My father, who was already almost 80, was enthusiastic. Of course, it was exhausting for my parents but they felt that they wanted to experience the Jewish State after all they had been through.
But when my father returned, he was very disillusioned. His guides and drivers had been Arab or Palestinian and he told me that the Israelis had “learned nothing from World War II.” He said that they treated non-Jews the way Germans had treated them.
My mother’s experience during the war had been particularly horrific and she had lost her faith. But my father remained devout and attributed his survival to his own optimism and faith in God.
My parents retired to La Jolla and my father was approached by a local synagogue for possible membership. My parents’ story had gotten around and the people they had met liked them.
But my father was repulsed by the commercialism of the temple. He said, “I can pray at the ocean.” They had some wonderful years in a beautiful place – and peace for which I am very grateful.
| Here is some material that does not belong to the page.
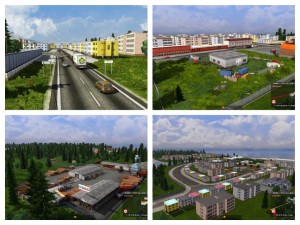 eu-map-1-10-1-by-mike888_1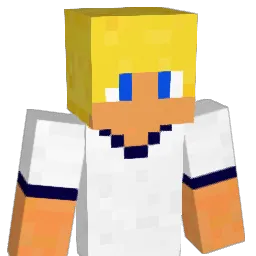Thormod_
With the state of the world at that time – or the country – they were fatalistic. My father said, “You can nothing do” and my mom would shake her head and say “We won’t change it.” They lived with gratitude on their beautiful peaceful space.
I Have Become Them
Now I am as old as they were then and many of the future problems that they saw coming are here – happening on my television and my Internet.
In the past week, on top of so many other huge issues over the recent past – a war in Europe – Again. A pandemic and polarization in the U.S. And now, of course, the events surrounding Israel / Hamas / Palestine.
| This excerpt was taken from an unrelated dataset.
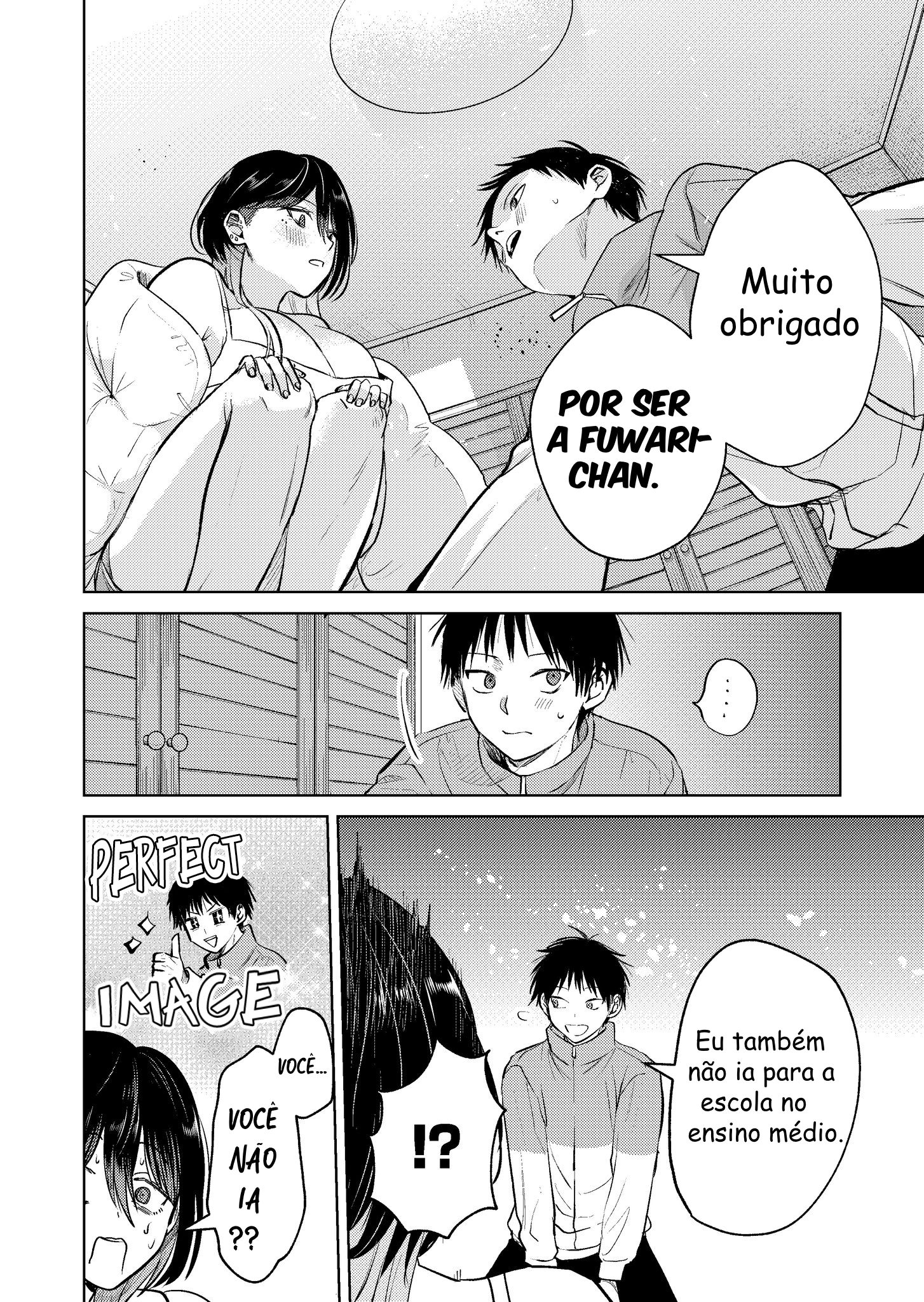 Página 19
With horrific imagery on both sides being repeated over and over again by the media in the midst of a situation that has seemed insoluble for decades. Or maybe even centuries.
The screaming mobs are in place – for both sides – in places completely untouched by the horror in Israel.
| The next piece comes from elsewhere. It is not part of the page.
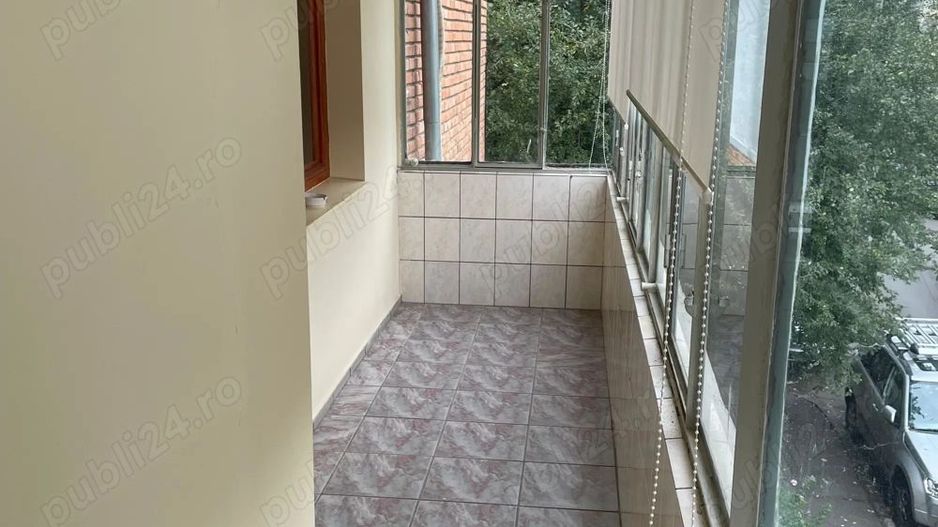 Etaj 1-apartament 1 camera Bucovina centrala proprie - Poză 7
If you don’t feel sad being pounded on a daily basis by images of innocent people getting slaughtered or suffering due to climate or famine, I would submit you’re not doing human right.
The question is can you connect with that feeling organically—through your bodily “being” or will you attempt to suppress it by deciding you are now awake to all of your conditioning and no longer need to feel this?
By the way, this is not a test. It’s an invitation to the only real healing I’ve discovered, along with the fact that it can often be extremely uncomfortable.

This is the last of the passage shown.